Antarctica’s newest research station holds a lesson for snowy cities

It has been two weeks since Winter Storm Fern swept through the United States, and many cities are still busy digging themselves out of waist-high snow mountains. A brand-new building in Antarctica—where temperatures average 14 degrees Fahrenheit along the coast—might offer some useful insights for a more efficient approach.

Perched on the southern edge of Adelaide, an island on the Antarctica Peninsula, the Discovery Building spans two stories and nearly 50,000 square feet. It is clad in highly insulated metal composite panels and topped with a mono-pitch roof that slopes in just one direction, so snow slides right off instead of piling up.

Most notably: it sports an innovative feature called a wind deflector, which protrudes on the leeward edge of the building (the one sheltered from the prevailing wind) and prevents snow from piling up right next to the building. So far, the system has most commonly been used above doors to clear snow that would otherwise fall adjacent to the building, but the architects say it’s never been used at this scale before. The feature could change the way we design buildings for harsh climates.

Design for extreme conditions

The Discovery Building is located within Rothera Research Station—a center for marine and atmospheric studies and the UK’s largest research facility in Antarctica. (The station is famously served by one of the most advanced, icebreaking polar research vessels in the world, the RRS Sir David Attenborough, which itself carries the autonomous underwater vehicle Boaty McBoatface, of internet fame.)

For years, the research station was spread across nine separate buildings, meaning researchers often had to navigate between them in blizzard conditions. Now, all functions are consolidated under one (very unique) roof, in a building that acts as the station’s nerve center.
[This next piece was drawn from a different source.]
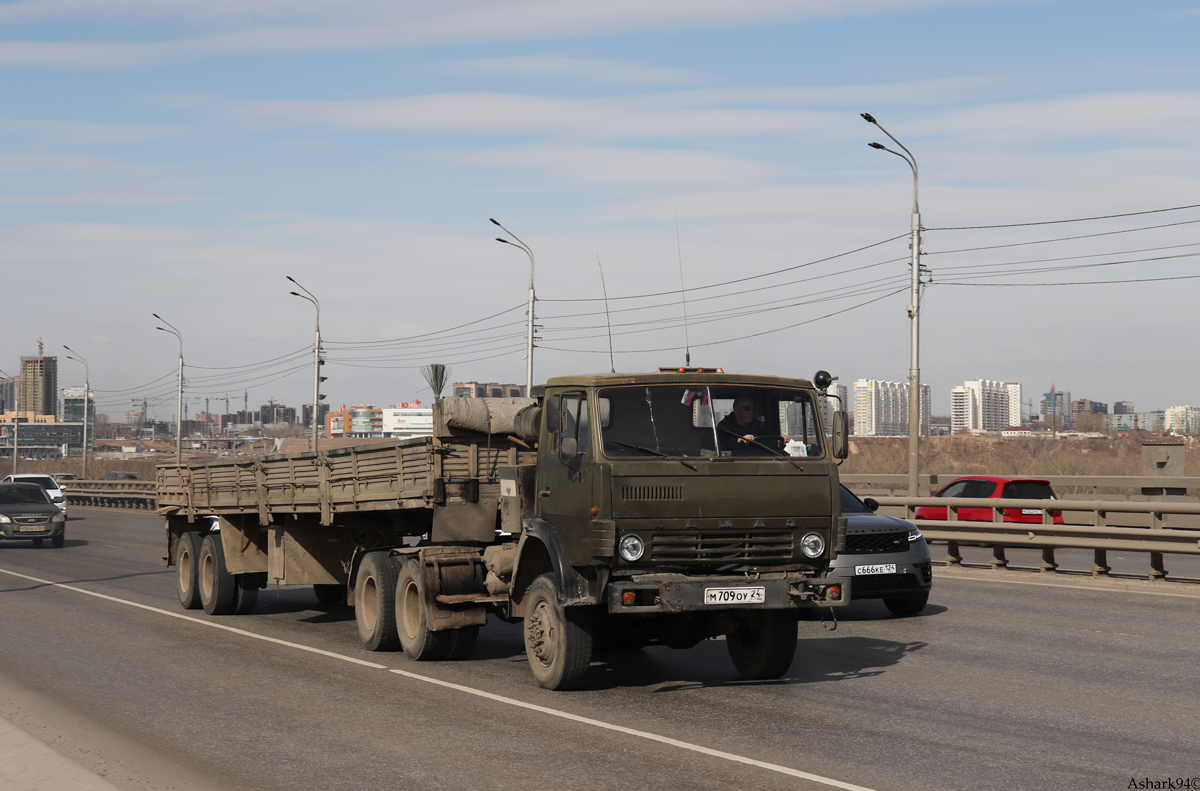 Красноярский край, № М 709 ОУ 24 — КамАЗ-43101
The Discovery Building was designed by British firm Hugh Broughton Architects, which, over the past decade, has a gained a reputation for designing buildings that exist in extreme conditions. In 2013, the firm completed Halley VI, a raised building that sits on a floating ice shelf. Mounted on hydraulic legs with retractable skis, the station was specifically designed to be relocated if the ice shelf showed signs of breaking off, which it did in 2017. The entire base was successfully moved 14 miles inland.

Halley VI, which went on to earn over a dozen awards, led to several commissions in other extreme, isolated environments, including a health center in the world’s most remote island, Tristan de Cunha, and Juan Carlos 1, a radial modular research base also on the Antarctic Peninsula. The firm is also currently designing a new building for the Australian Antarctic Division at Davis Station in East Antarctica.

What keeps bringing Broughton back to such punishing conditions? “The briefs are interesting and challenging,” he says of the requirements and constraints such projects often demand.

Over the years, Broughton has gained an understanding of the challenges that come with harsh climate of the Antarctic, but every site, he says, continues to bring with it its own set of complications and peculiarities, whether those are topographical, climate-related, or simply differences in the way the building is used.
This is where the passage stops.